Statistical analysis is a process of understanding how variables in a dataset relate to each other and how those relationships depend on other variables. Visualization can be a core component of this process because, when data are visualized properly, the human visual system can see trends and patterns that indicate a relationship.

## Setting things up

Perform initial setup of the environment and import necessary libraries

In [0]:
import seaborn as sns
sns.__version__

In [0]:
!pip install seaborn=="0.9.0"

In [0]:
import numpy as np
import pandas as pd
import matplotlib.pyplot as plt

Set various aesthetic parameters in one step. Details of possible parameters can be found at https://seaborn.pydata.org/generated/seaborn.set.html

In [0]:
sns.set(style="darkgrid")

## Loading and Creating the Datasets

Multiple data-sets would be used in this example; load them now.

In [0]:
tips = sns.load_dataset("tips")
fmri = sns.load_dataset("fmri")
df_linear = pd.DataFrame(dict(time=np.arange(500), value=np.random.randn(500).cumsum()))

In [0]:
tips.head(10)

In [0]:
fmri.head(10)

In [0]:
df_linear.head(10)

## Visualization using Scatterplots

Scatterplots are using to illustrate the distribution of a dataset containing two variables using a cloud of points, where each point represents an observation in the dataset.

### Example 1

In [0]:
sns.scatterplot(x="total_bill", y="tip", data=tips);

### Example 2

In [0]:
sns.scatterplot(x="total_bill", y="tip", hue="smoker", data=tips);

### Example 3

In [0]:
sns.scatterplot(x="total_bill", y="tip", hue="smoker", style="smoker", data=tips);

### Example 4

In [0]:
sns.scatterplot(x="total_bill", y="tip", size="size", sizes=(15, 200), data=tips);

## Visualization using Linear Plots

In some datasets, the distribution of datapoints happens over line.
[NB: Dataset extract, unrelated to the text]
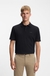 Cotton-piqué polo shirt with logo print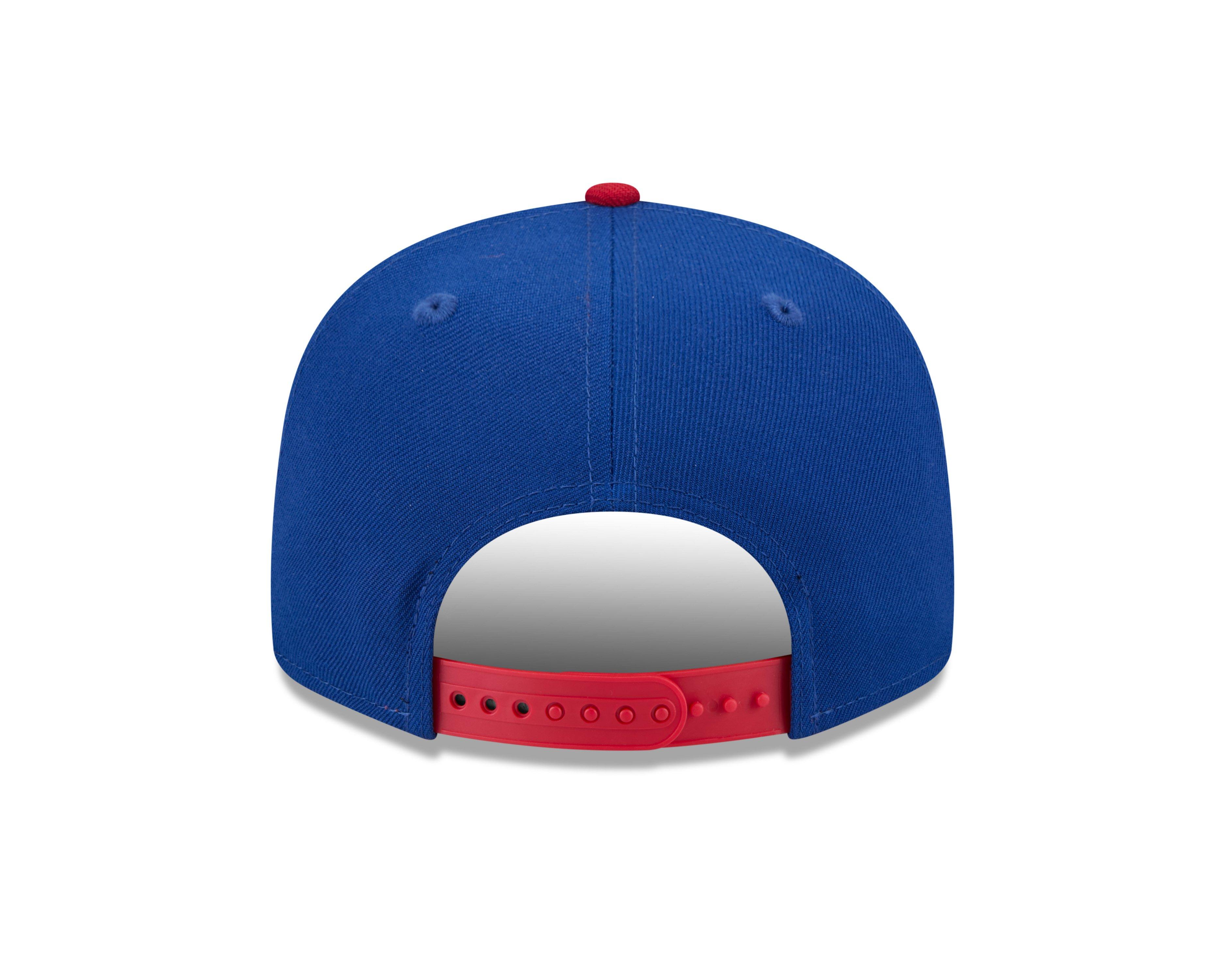 New Era Atlanta Braves 9FIFTY Snapback Hat-Blue/Red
For this we can use linear plots with time being one dimension.

### Example 5

In [0]:
g = sns.relplot(x="time", y="value", kind="line", data=df_linear)

### Example 6

Some datasets have multiple observations at the same time-interval. These can be aggregated (at that time-point) with the mean being the actual value that gets plotted. The confidence interval can be shown around the mean.

In [0]:
sns.relplot(x="timepoint", y="signal", kind="line", data=fmri);

In [0]:
sns.relplot(x="timepoint", y="signal", ci=None, kind="line", data=fmri);